▸ **Problem**:
Restate all the data word for word and omit the pictures.
--------------------------------
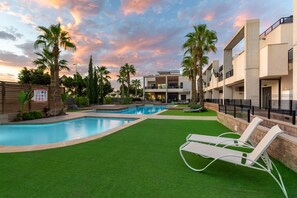 A resort pool area with artificial grass, lounge chairs, and palm trees. - Laguna Rocher by Fidalsa (Guardamar del Segura)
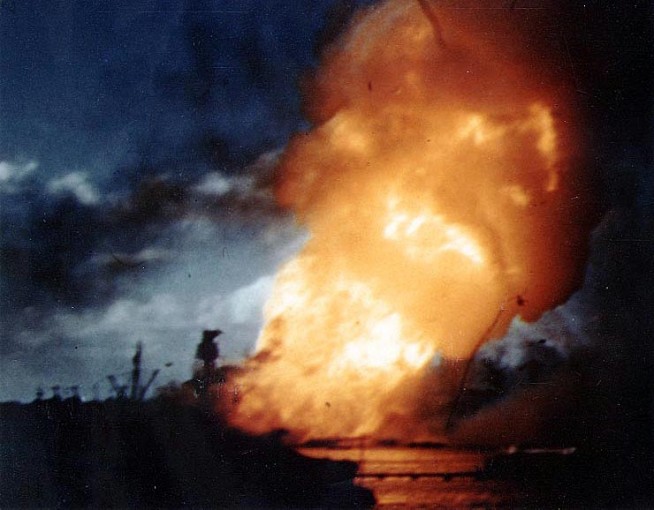 USS Arizona (BB-39) ablaze, immediately following the explosion of her forward magazines, 7 December 1941. Frame clipped from a color motion picture taken from on board USS Solace (AH-5). Official U.S. Navy Photograph, National Archives collection. Caption: Naval History & Heritage Command.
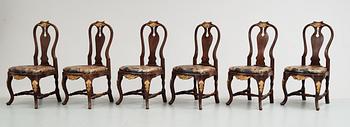 A set of 12 rococostyle chairs, 20 th century.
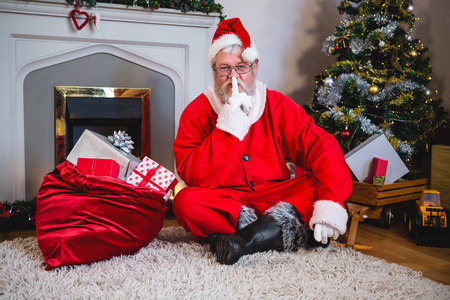 Santa claus with gift sack sitting on rug with finger on lips in living room at home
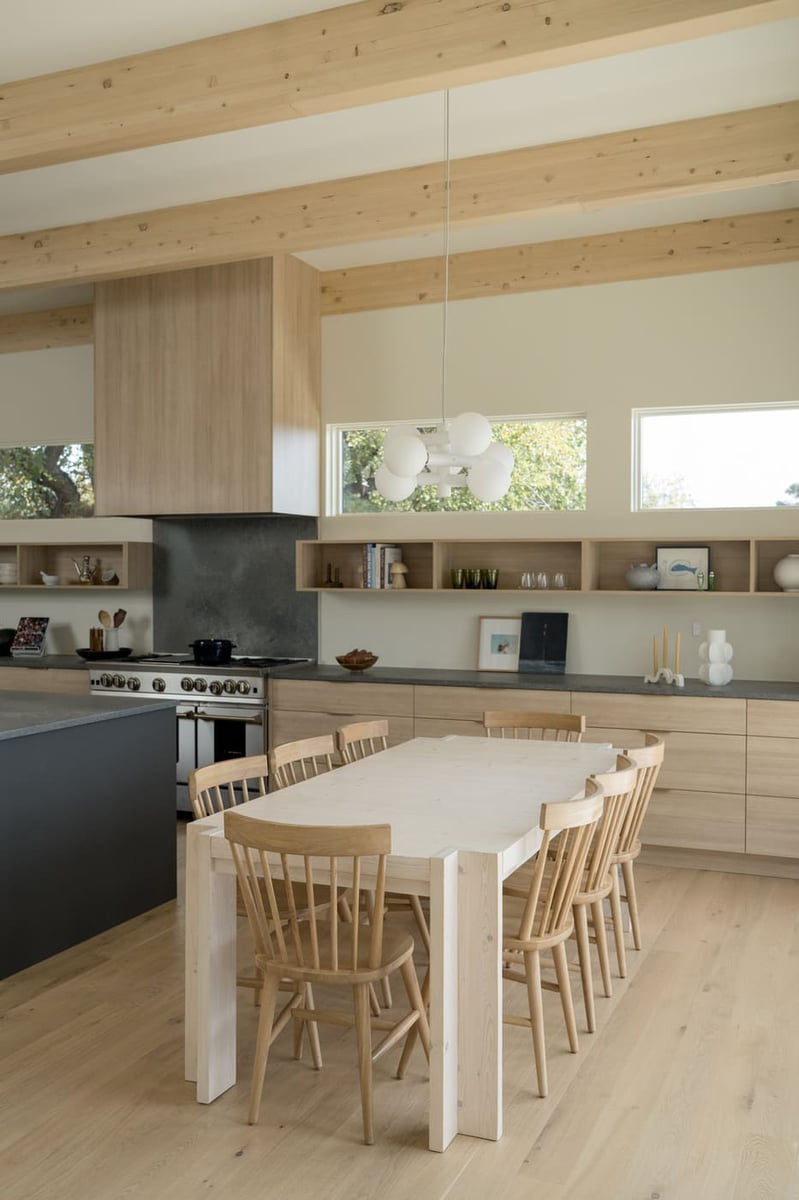 Dining area with exposed beams and modern pendant in Arvada, CO pop top renovation by Cillessen Construction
--------------------------------
▸ **Task output**:
 A resort pool area with artificial grass, lounge chairs, and palm trees. - Laguna Rocher by Fidalsa (Guardamar del Segura)
 USS Arizona (BB-39) ablaze, immediately following the explosion of her forward magazines, 7 December 1941. Frame clipped from a color motion picture taken from on board USS Solace (AH-5). Official U.S. Navy Photograph, National Archives collection. Caption: Naval History & Heritage Command.
 A set of 12 rococostyle chairs, 20 th century.
 Santa claus with gift sack sitting on rug with finger on lips in living room at home
 Dining area with exposed beams and modern pendant in Arvada, CO pop top renovation by Cillessen Construction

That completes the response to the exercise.